Data extract ->
>>>

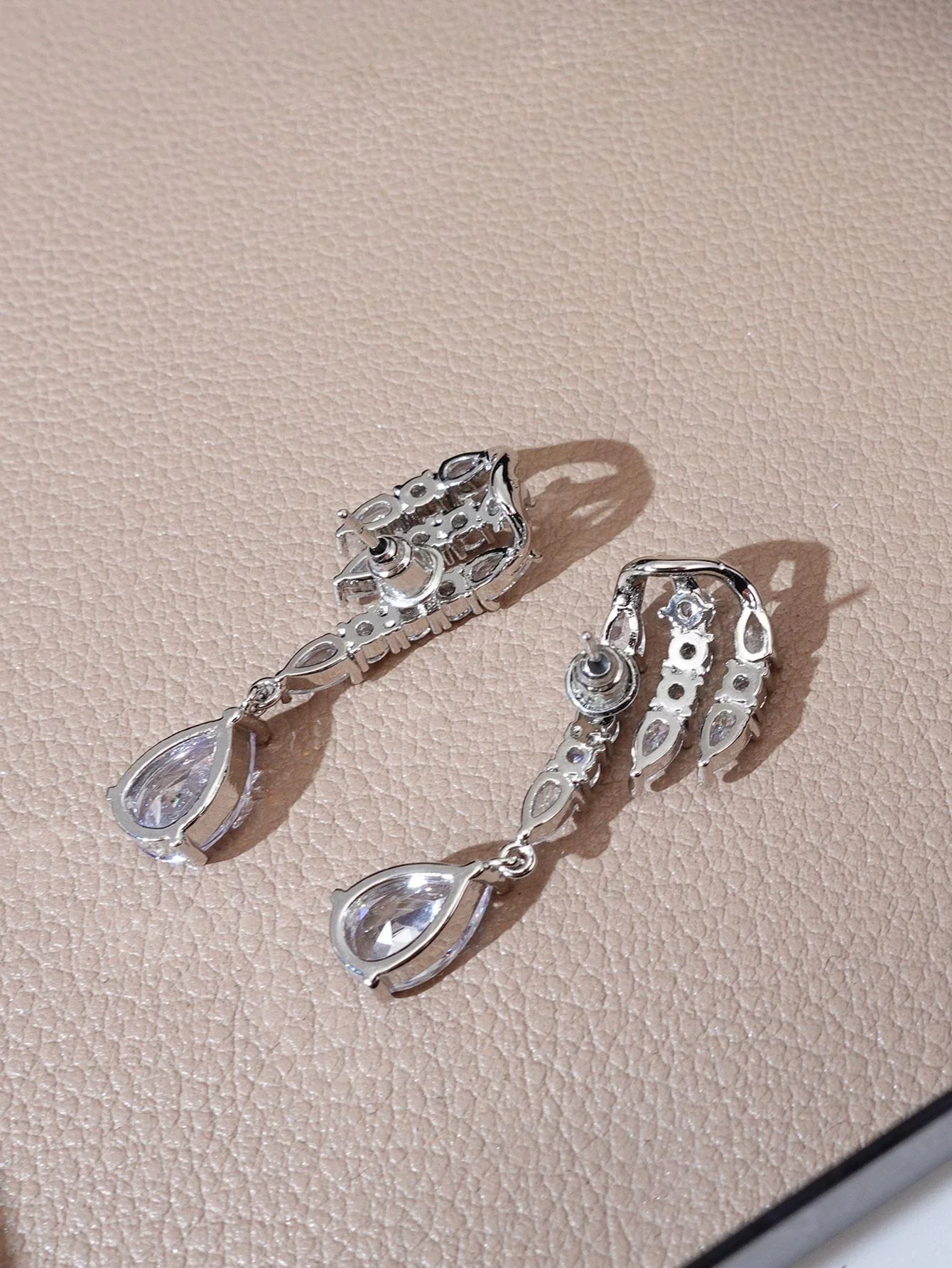 1pair Glamorous Copper Cubic Zirconia Water Drop Earrings - Image 6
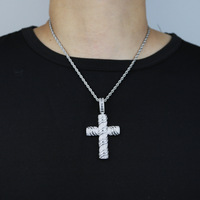 Vente en gros usine Nouveau Collier pendentif croix Hip Hop entièrement serti de zircone cubique en acier inoxydable plaqué argent, Fourniture en gros de bijoux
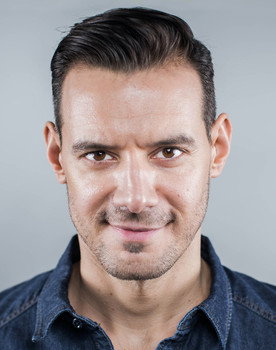 Luca Savazzi as Stefan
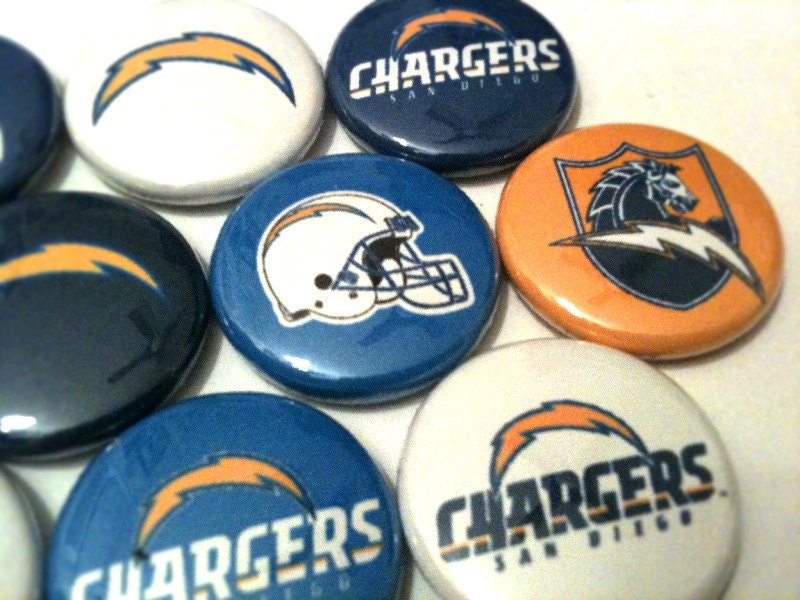 SAN DIEGO CHARGERS - nfl football pinback buttons - sports team pin set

<<<

Write out the material above precisely, leaving each picture behind.

 1pair Glamorous Copper Cubic Zirconia Water Drop Earrings - Image 6
 Vente en gros usine Nouveau Collier pendentif croix Hip Hop entièrement serti de zircone cubique en acier inoxydable plaqué argent, Fourniture en gros de bijoux
 Luca Savazzi as Stefan
 SAN DIEGO CHARGERS - nfl football pinback buttons - sports team pin set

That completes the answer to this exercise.